In a five-page spread in Vanity Fair, Cage explained he bought the $3.45 million-dollar mansion with the intention of writing the great American horror novel there. Two years later it fell into foreclosure and was eventually purchased by the bank for a fraction of the price. 

Cage. 

Again. 

The insurmountable gaping maw

The maverick that haunts my dreams. 

The old man continued his slow migration down the sidewalk. 

When he’d gone several feet, he turned around and shouted, Lay off the hooch son! 


Indeed, I thought, staring vacantly at a poster wheat-pasted to the side of a vacant building advertising the new Teen Wolf remake. 

Clearly I was suffering from some sort of schizoid delusion going well beyond simple celebrity worship. 

Was I trying to take society’s collective guilt upon my shoulders? Our tendency to exploit then easily dismiss the rich and famous when a cry for help erupts, like Cage’s arrest the other day; or was it weeks ago? 

It’s beginning to feel as if I’m skipping forward through time. 

But society, we create these monsters, or personal train wrecks, what have you. 

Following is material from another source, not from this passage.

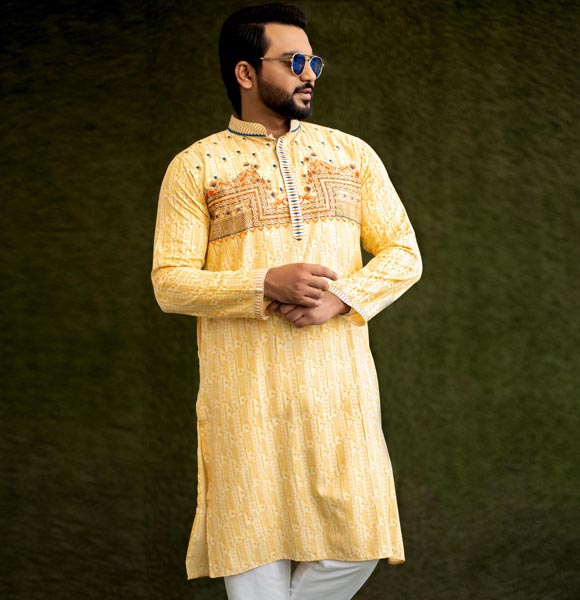 Exclusive Fashionable Panjabi P-1111 (Eid Fashion 2023)
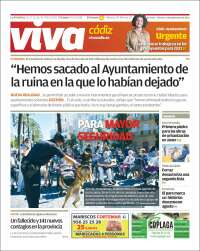 Portada de Información - Cadiz (España)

Amy Winehouse comes to mind. 

Who else? 

Brittany Murphy, perhaps. 

Most certainly Brittany Spears. 

What was happening to me was clearly a mania, a mixture of shame and guilt compounded by the stress at home, my failing relationship with my wife, my family. 

I’m no psychiatrist, but my basic training as a grief counselor offered a little insight. 

I made a mental note to research the theory further when I returned home. 

It was all beginning to make sense now, I reassured myself as I stumbled barefoot through the French Quarter to I knew not where.